State cuts cost education

Jesse O. Walls

Gov. Jay Nixon vetoed or froze more than $1.1 billion in state spending on June 24, cutting jobs and withholding from programs that benefit colleges and schools. The cuts, which went into effect July 1, are meant to help balance the budget by ensuring spending does not exceed available revenue, however it will affect local colleges, including Crowder.

“We had some capital improvement projects in a bill that got vetoed,” said Dr. Jennifer Methvin, president of Crowder College, “so there was $375,000 that was earmarked for our Cassville center to do some work on that facility. That money would have had to have been matched, we would have had to have raised $375,000 to make it $750,000, and we could have done a lot of great work we want to do on the Cassville campus. That’s gone, that’s been vetoed, that won’t happen.”
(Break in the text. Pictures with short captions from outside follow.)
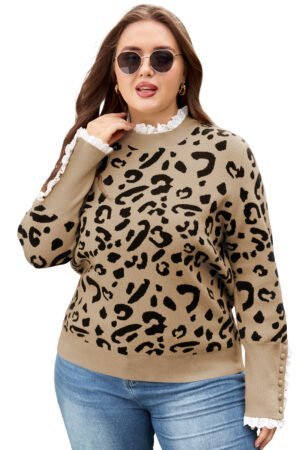 Brown Leopard Knitted Lacy Trim Cuffed Plus Size Sweater - Image 10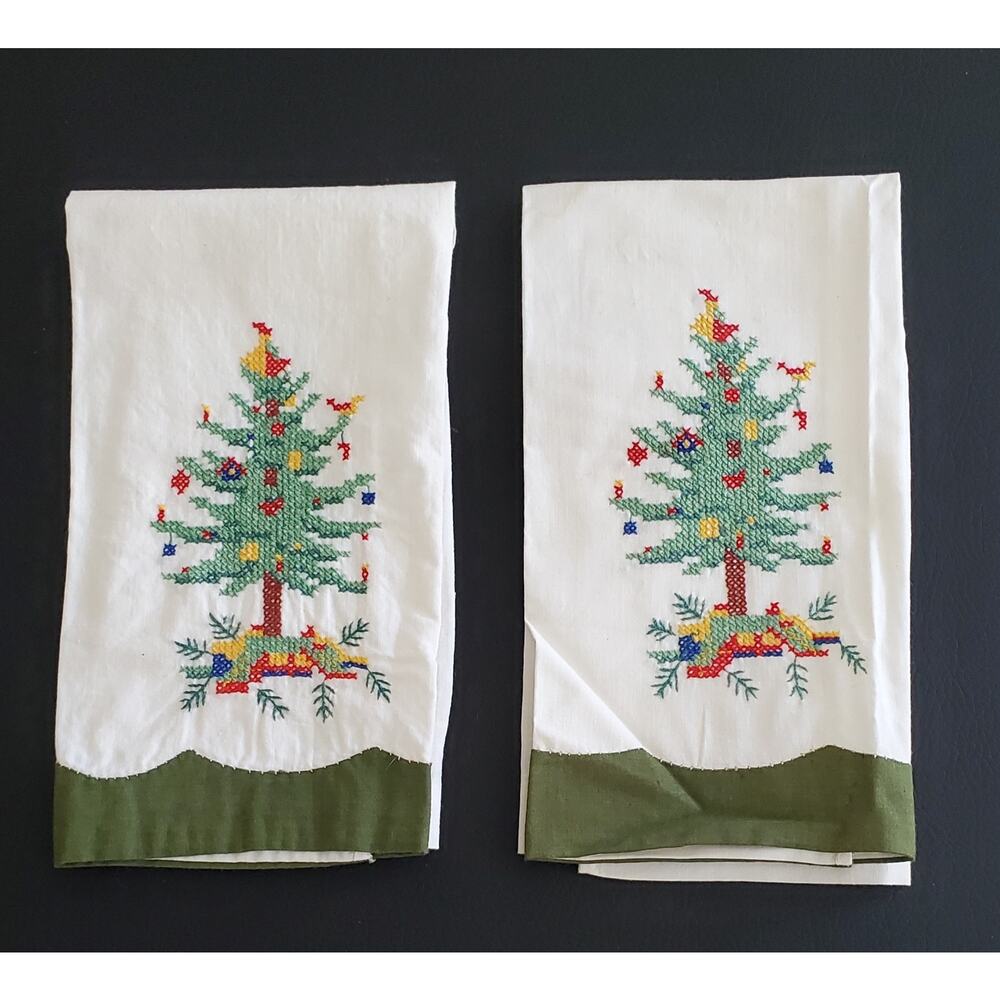 Vtg Lillian Vernon Tea Towels Hand Cross Stitched Christmas Tree Set of 2 Cotton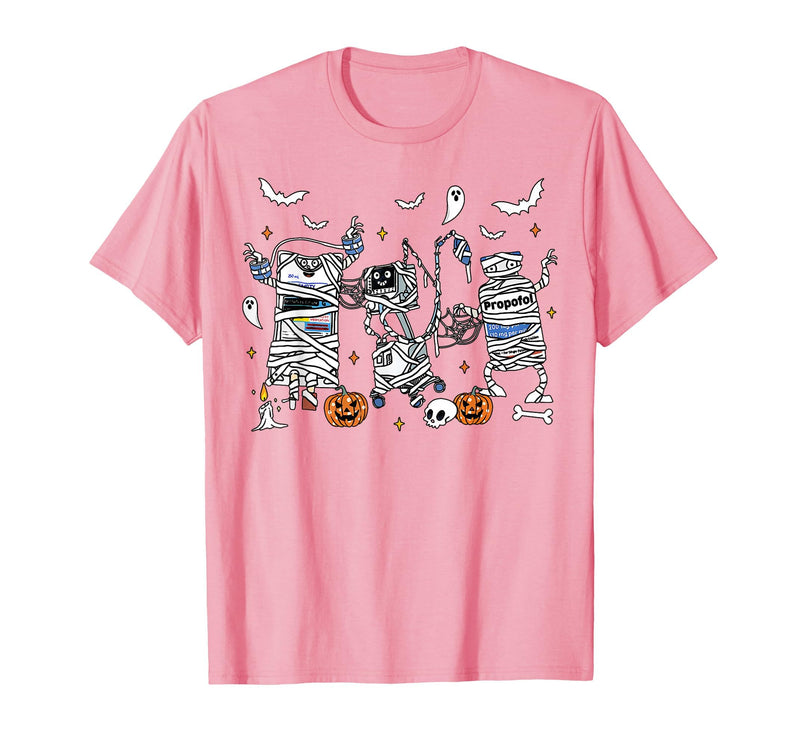 Cute Ghost Halloween Nurse Spooky Season Halloween ICU Nurse Propofol Mummy NICU PICU Nurse Tech T-Shirt - Pink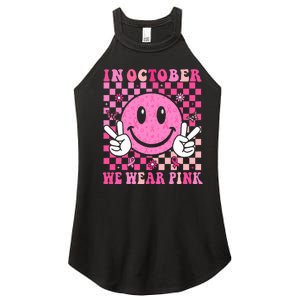 In October We Wear Ribon Smile Face Breast Cancer Women's Perfect Tri Rocker Tank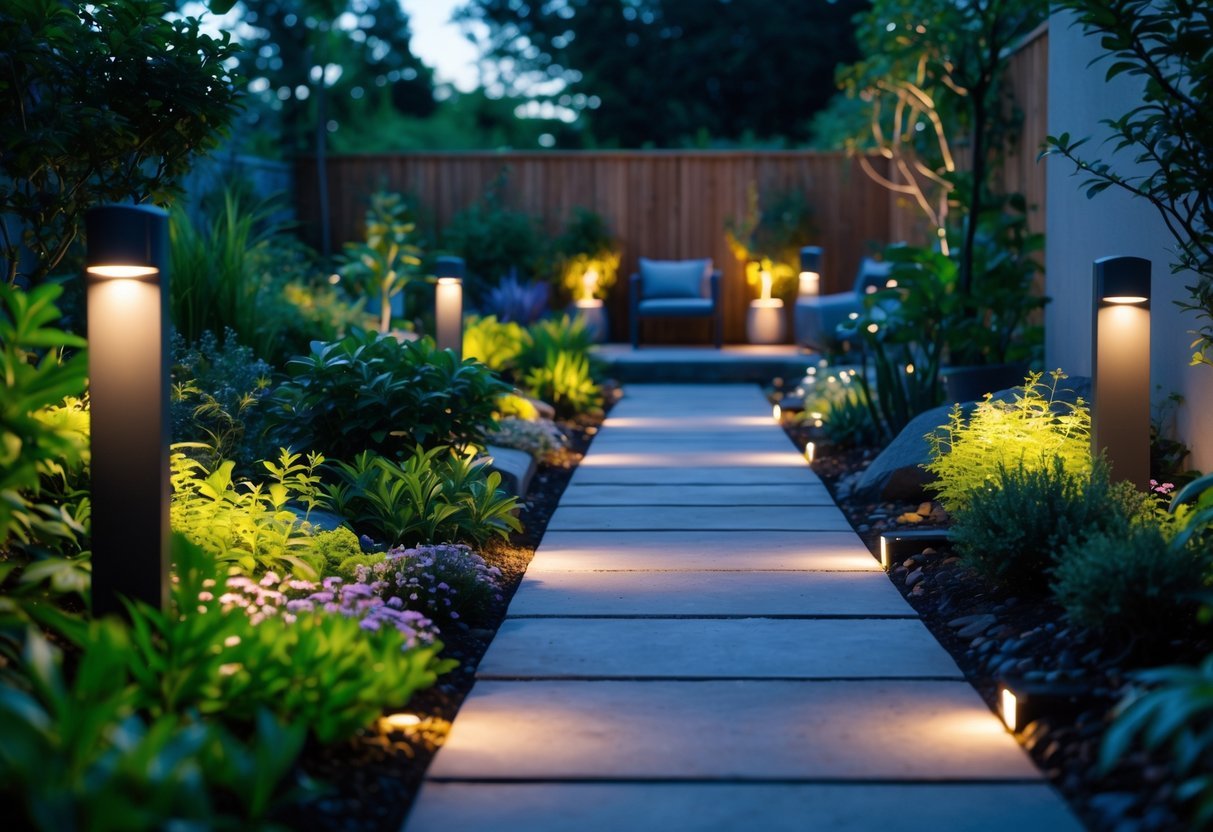 21+ Garden Lighting Ideas: Stunning Ways to Transform Your US Backyard This Summer 9 A garden pathway at dusk illuminated by motion sensor lights, surrounded by plants and outdoor seating.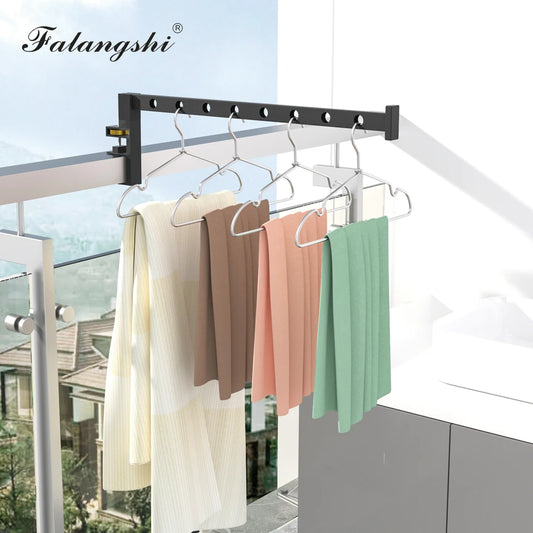 Étendoir à linge mural pliable en aluminium noir pour extérieur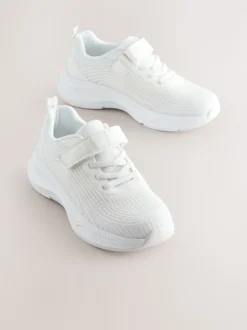 White Elastic Lace-Up Trainers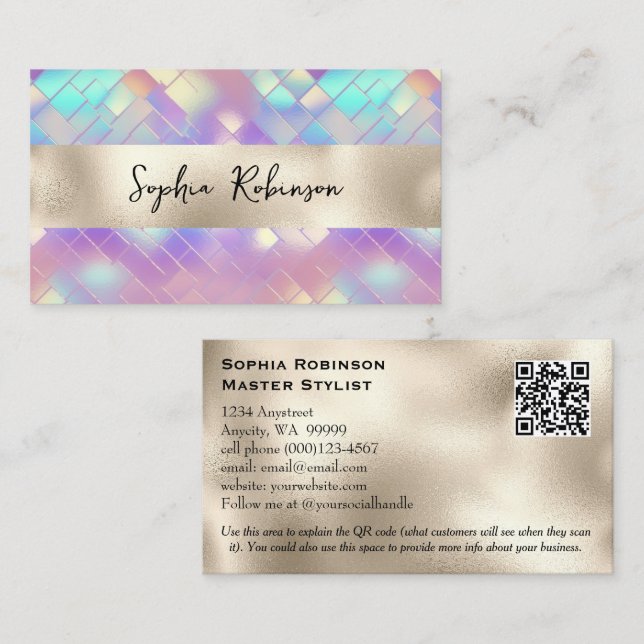 Elegant Holographic and Pearl Foil Business Card (Front/Back)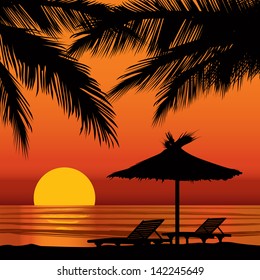 Summer holidays background with palm tree and lounge chair. Sunset View Poster. Vector beach resort wallpaper.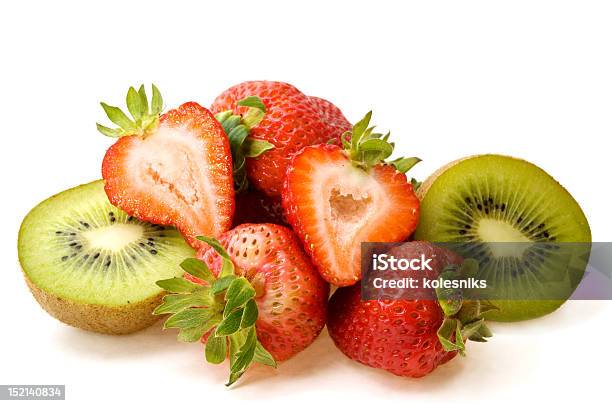 Kiwi And Strawberries Stock Photo - Download Image Now - Berry Fruit, Close-up, Cross Section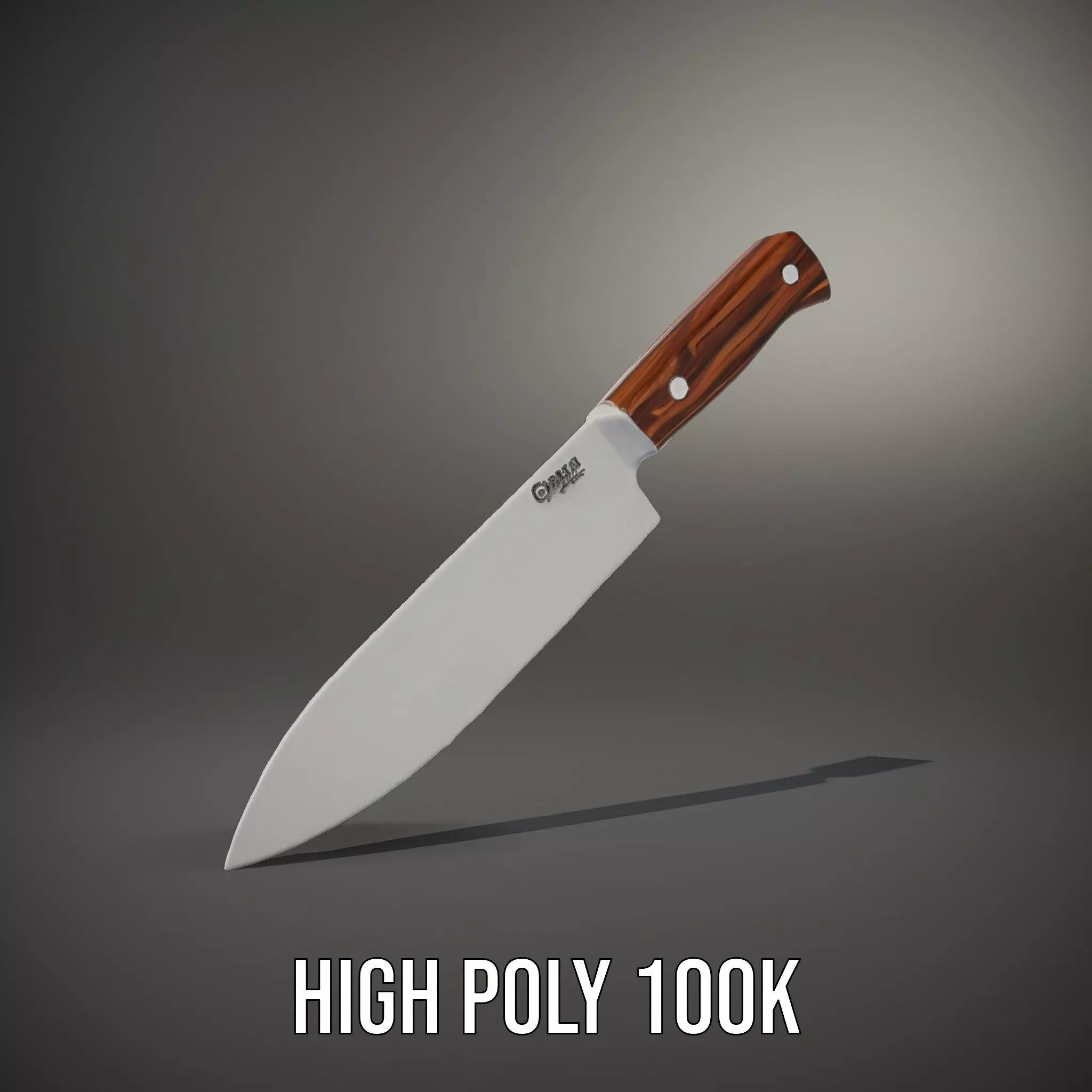 Ebony Chef Knife model pack Low-poly 3D model_8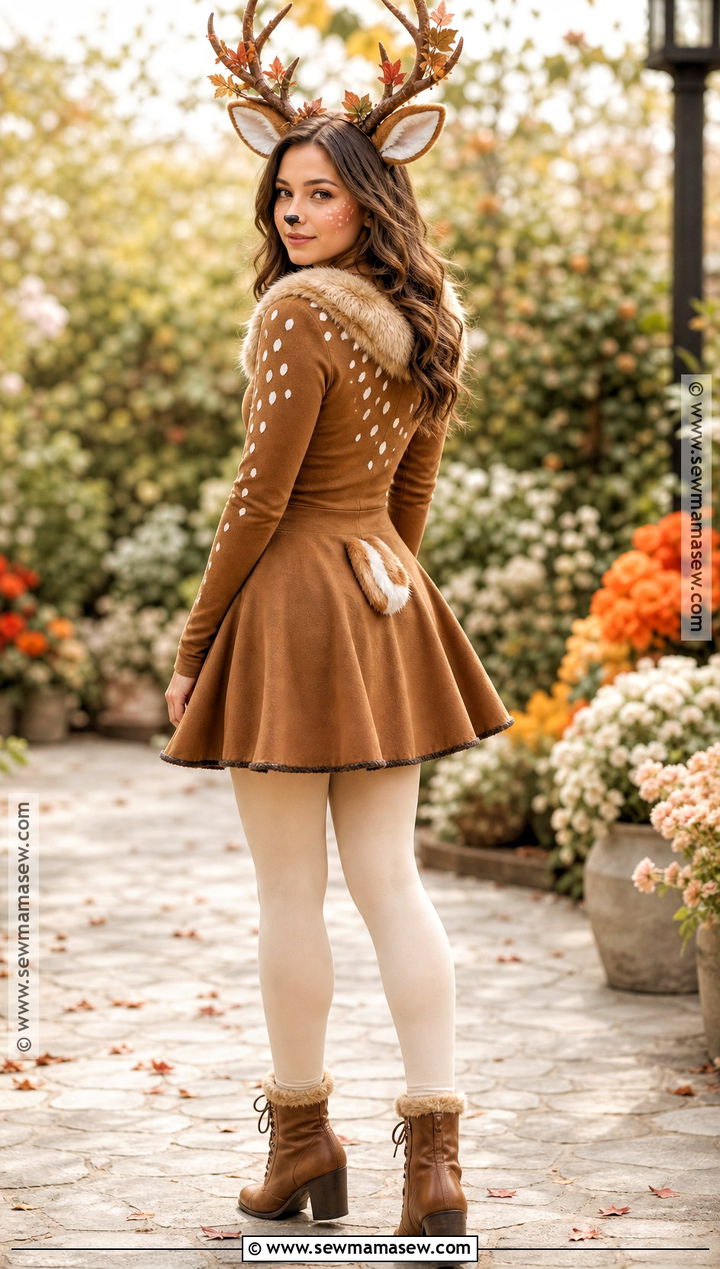 Brown Dress Deer Costume - 30 Cute Deer Costume Ideas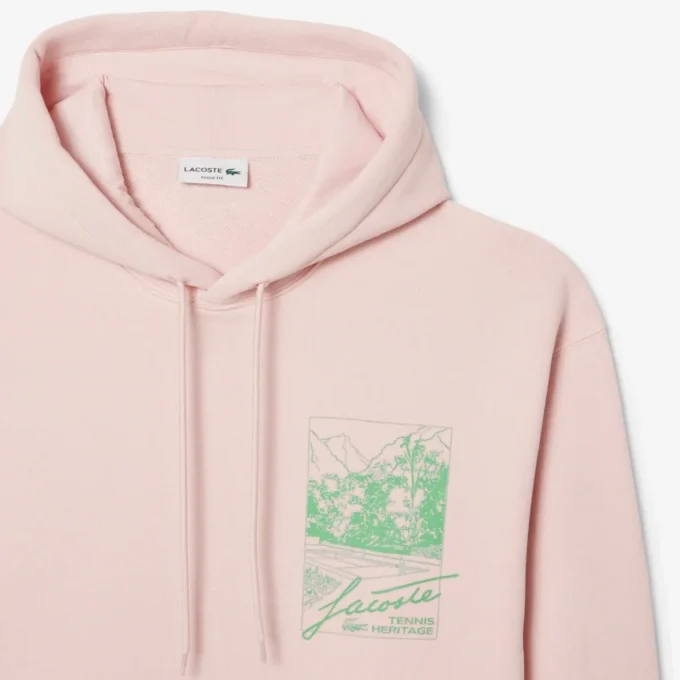 Sudadera con capucha de felpa estampada para hombre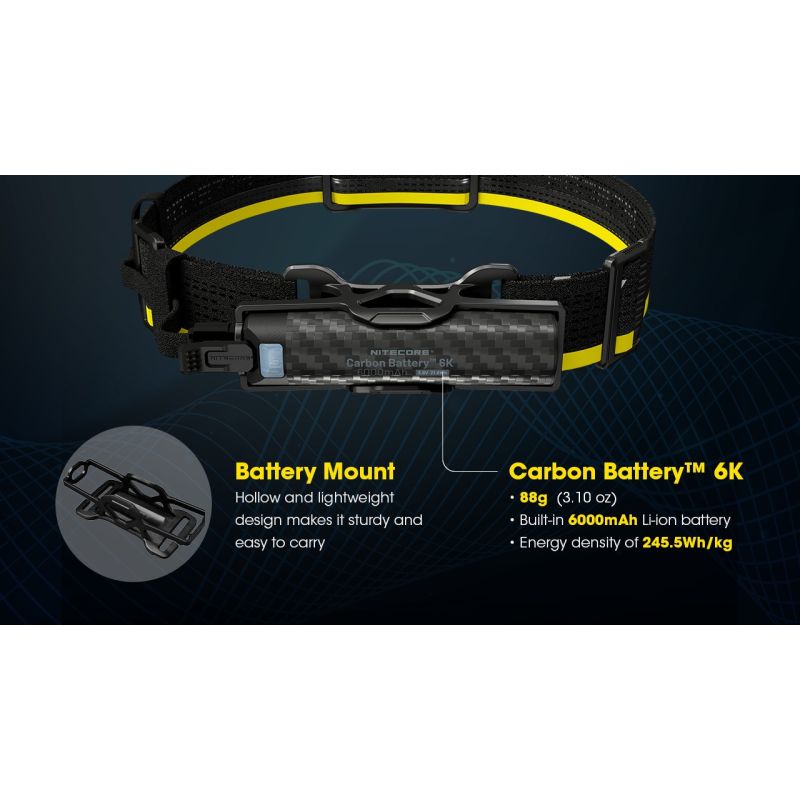 Nitecore Carbon Battery 6K Kit Headlamp Runtime Extender for NU40, NU43, NU45, NU50, and HC65 UHE Headlamps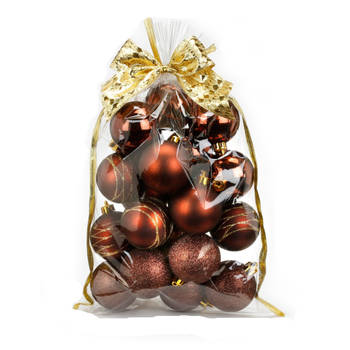 20x stuks kunststof kerstballen bruin mix 6 cm in giftbag - Kerstbal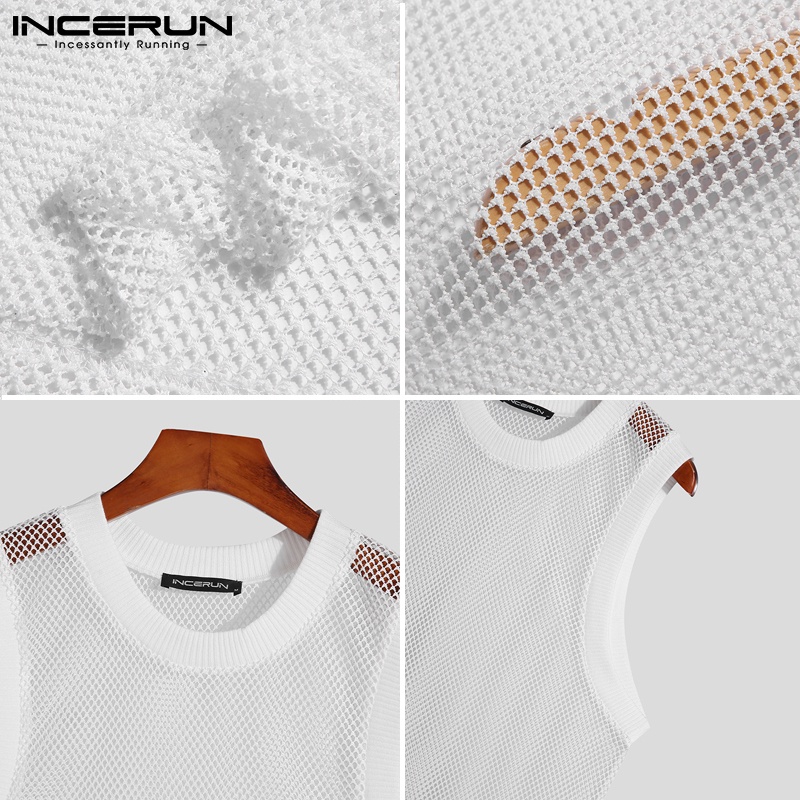 Áo ba lỗ INCERUN màu trắng xuyên thấu phong cách thời trang mùa hè cho nam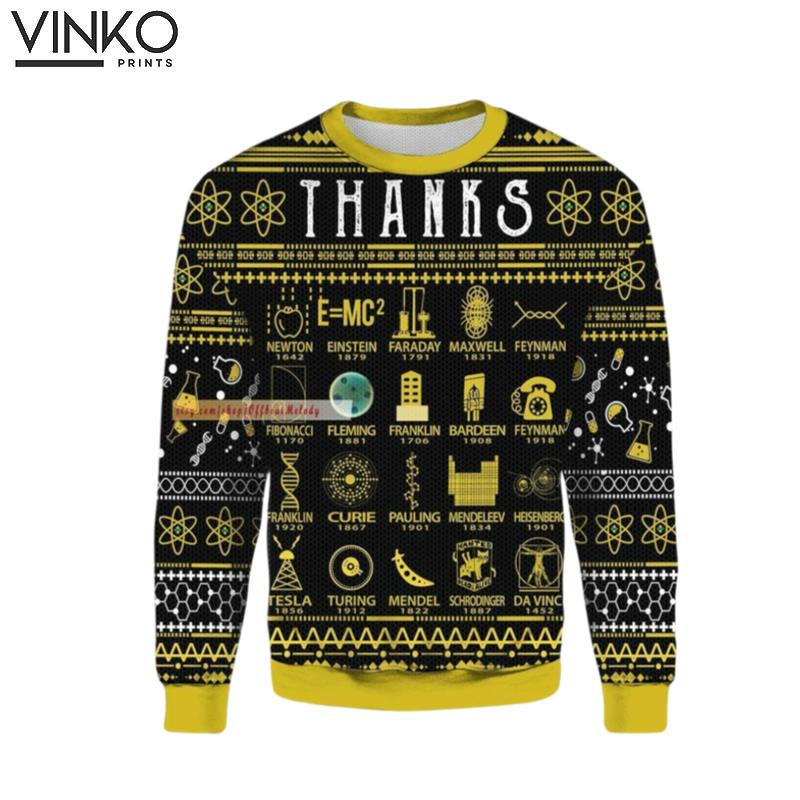 Thanks Science 3D Ugly Christmas Sweater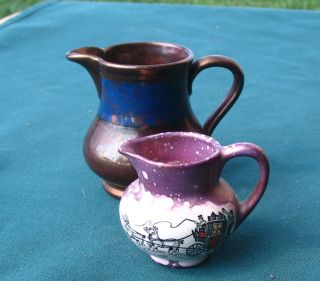 Old Pair England Luster Pottery Miniature Pitchers Castle & Allertons 14.  95 N/r photo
Nixon also vetoed a $6 million equity adjustment for community colleges, which would have been approximately $245,764 for Crowder. Unless the veto is overturned by the state legislature, Crowder will not receive these funds.

Other funds were restricted, which means there is a chance it will be released at a later date. Capital improvement money for the Hickey Building in Webb City, which equaled $375,000, is one of those items, as well as a 6% increase to core funding, said Dr. Jim Cummins, vice president of finance.

“We were very conservative in our budgeting,” said Dr. Cummins, “so the cuts to operating funding will not be too significant. For the capital money, we will have to wait and see on Webb City, and we will have to raise more from donors in Cassville if we want to renovate or add to that campus.”

Crowder is not the only college in the area to be affected. According to the Joplin Globe, Nixon also withheld $1.5 million in matching money for construction on the Missouri Southern State University campus in Joplin, and $43 million in performance funding increases that would have benefited all of Missouri’s four-year universities and community colleges.

“Crowder College has been very smart,” said Dr. Methvin. “They have always budgeted very conservatively, because we do live in a state where funds can be restricted even after they are approved. It would have been wonderful to have this funding … but we’re still able to serve our students well, even in these tough times.”